_WHAT IS BEING ASKED_
Your task is to transcribe all the entries exactly, excluding pictures.
=== RECORDS FOR PROCESSING ===
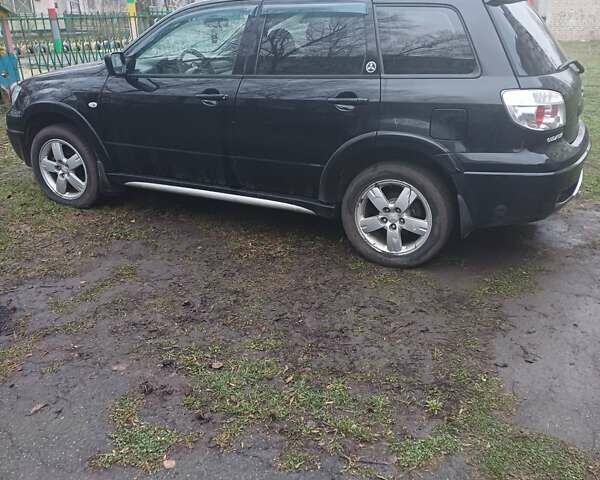 Черный Мицубиси Аутлендер, объемом двигателя 2.4 л и пробегом 270 тыс. км за 6700 $, фото 1 на Automoto.ua
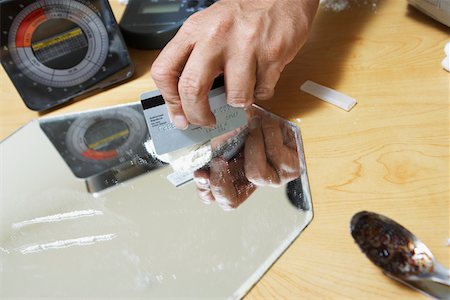 Close-up of man's hand and cocaine Stock Photo - Premium Royalty-Free, Code: 693-03312346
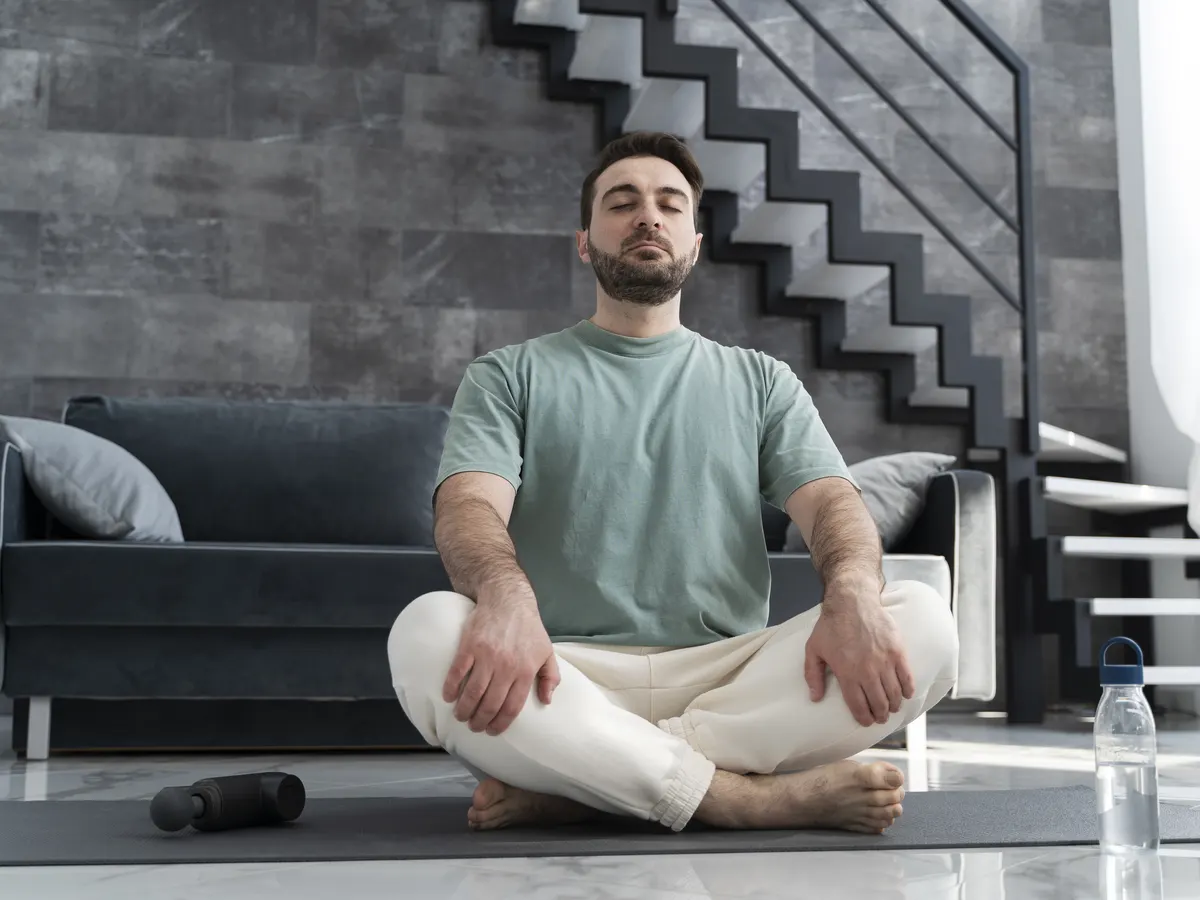 Hombre meditando sentado en una esterilla en su salón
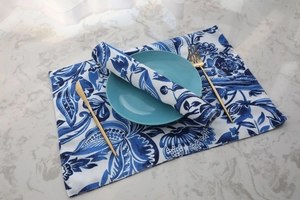 Close-up of blue floral table mat and napkin set on marble surface with cutlery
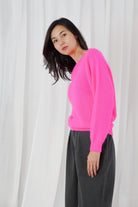 Twins Sanibel neon pink relaxed boat neck jumper worn with black trousers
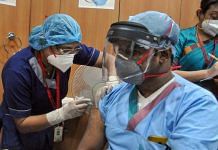 A medic administers the Covid-19 vaccine to a frontline worker, after the virtual launch of the vaccination drive by Prime Minister Narendra Modi, at AMRI-Dhakuria hospital, in Kolkata, Saturday, Jan. 16, 2021. | PTI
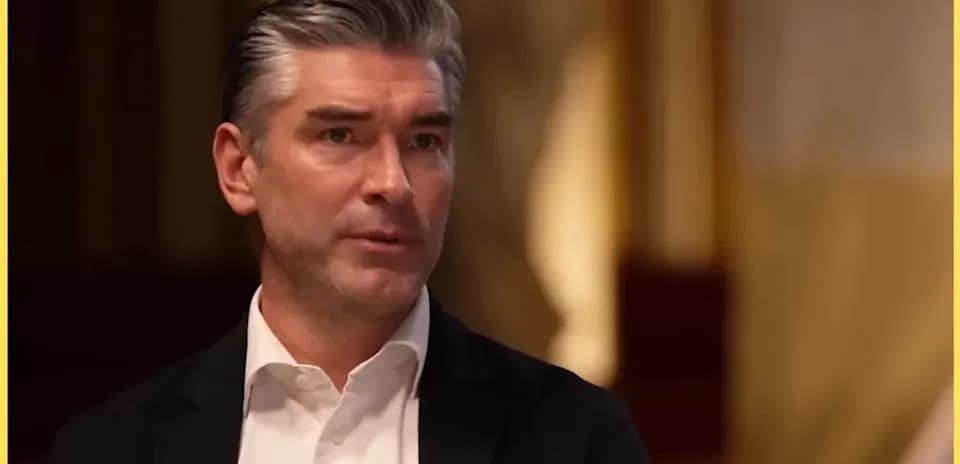 Man speaking during an interview indoors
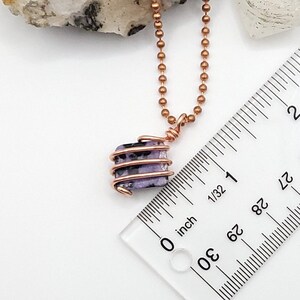 charoite wrapped with copper wire on a white background measurement about 1"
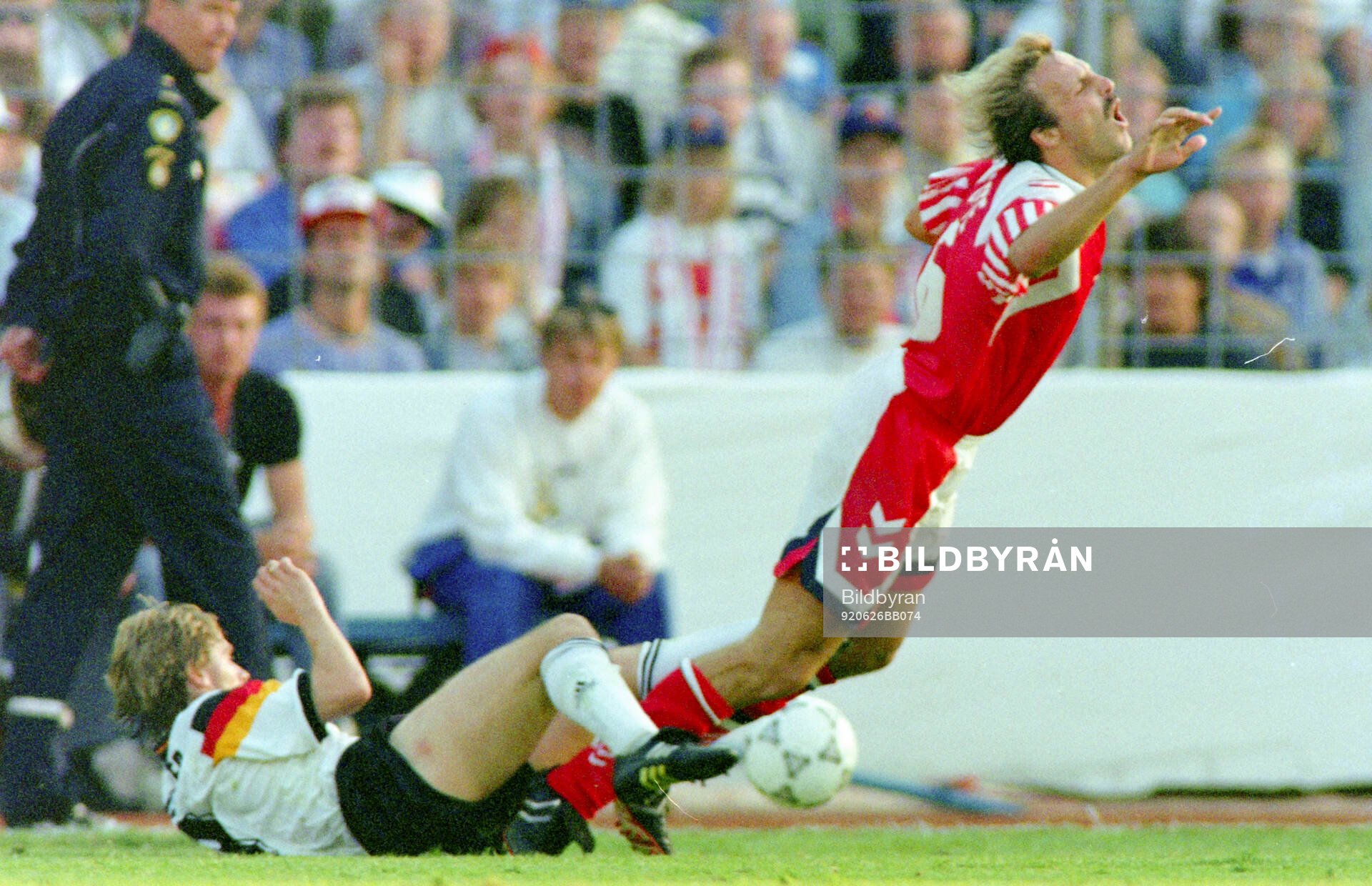 Denmarks Kim Christofte is tackled by Germanys Thomas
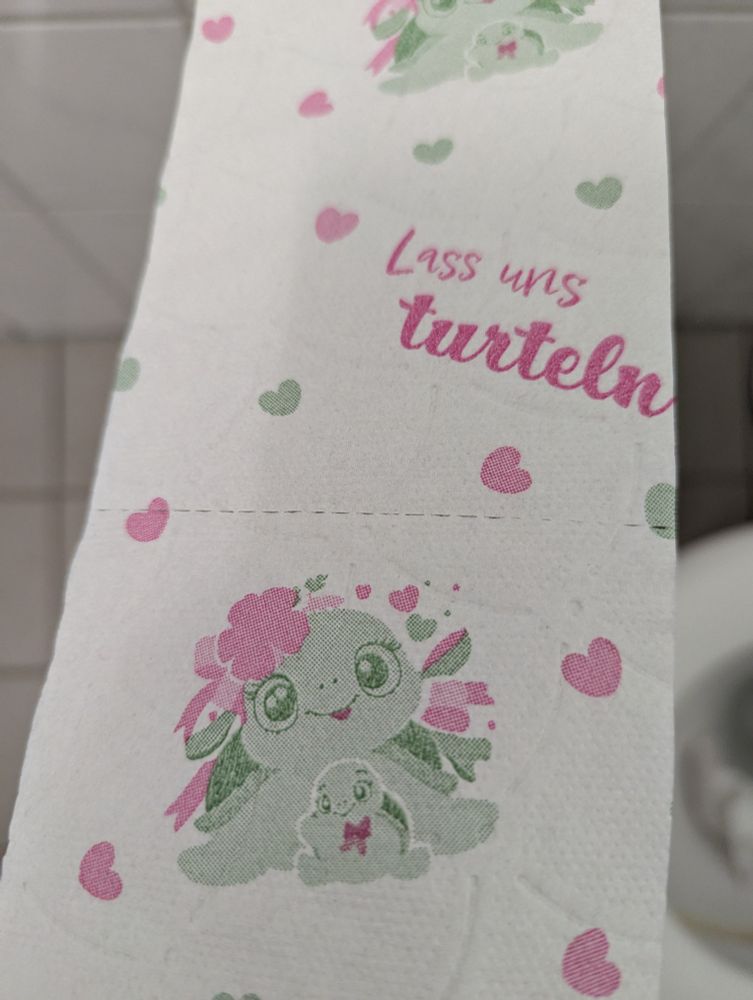 Toilettenpapier auf das zwei Schildkröten und der Spruch "Lass uns turteln" in pink und grün aufgedruckt sind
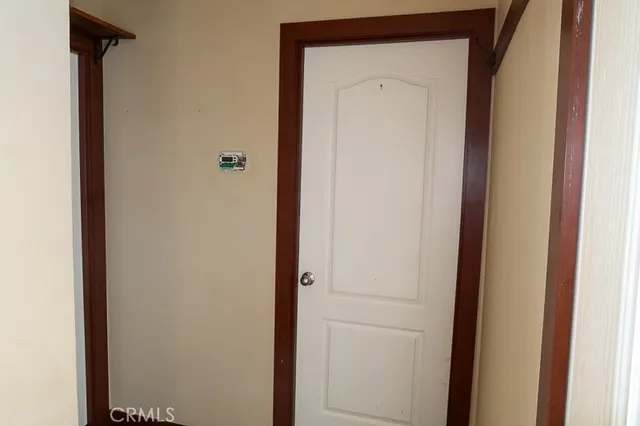 a bathroom with a shower and a door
===
_ANSWER TO THIS TASK_
 Черный Мицубиси Аутлендер, объемом двигателя 2.4 л и пробегом 270 тыс. км за 6700 $, фото 1 на Automoto.ua
 Close-up of man's hand and cocaine Stock Photo - Premium Royalty-Free, Code: 693-03312346
 Hombre meditando sentado en una esterilla en su salón
 Close-up of blue floral table mat and napkin set on marble surface with cutlery
 Twins Sanibel neon pink relaxed boat neck jumper worn with black trousers
 A medic administers the Covid-19 vaccine to a frontline worker, after the virtual launch of the vaccination drive by Prime Minister Narendra Modi, at AMRI-Dhakuria hospital, in Kolkata, Saturday, Jan. 16, 2021. | PTI
 Man speaking during an interview indoors
 charoite wrapped with copper wire on a white background measurement about 1"
 Denmarks Kim Christofte is tackled by Germanys Thomas
 Toilettenpapier auf das zwei Schildkröten und der Spruch "Lass uns turteln" in pink und grün aufgedruckt sind
 a bathroom with a shower and a door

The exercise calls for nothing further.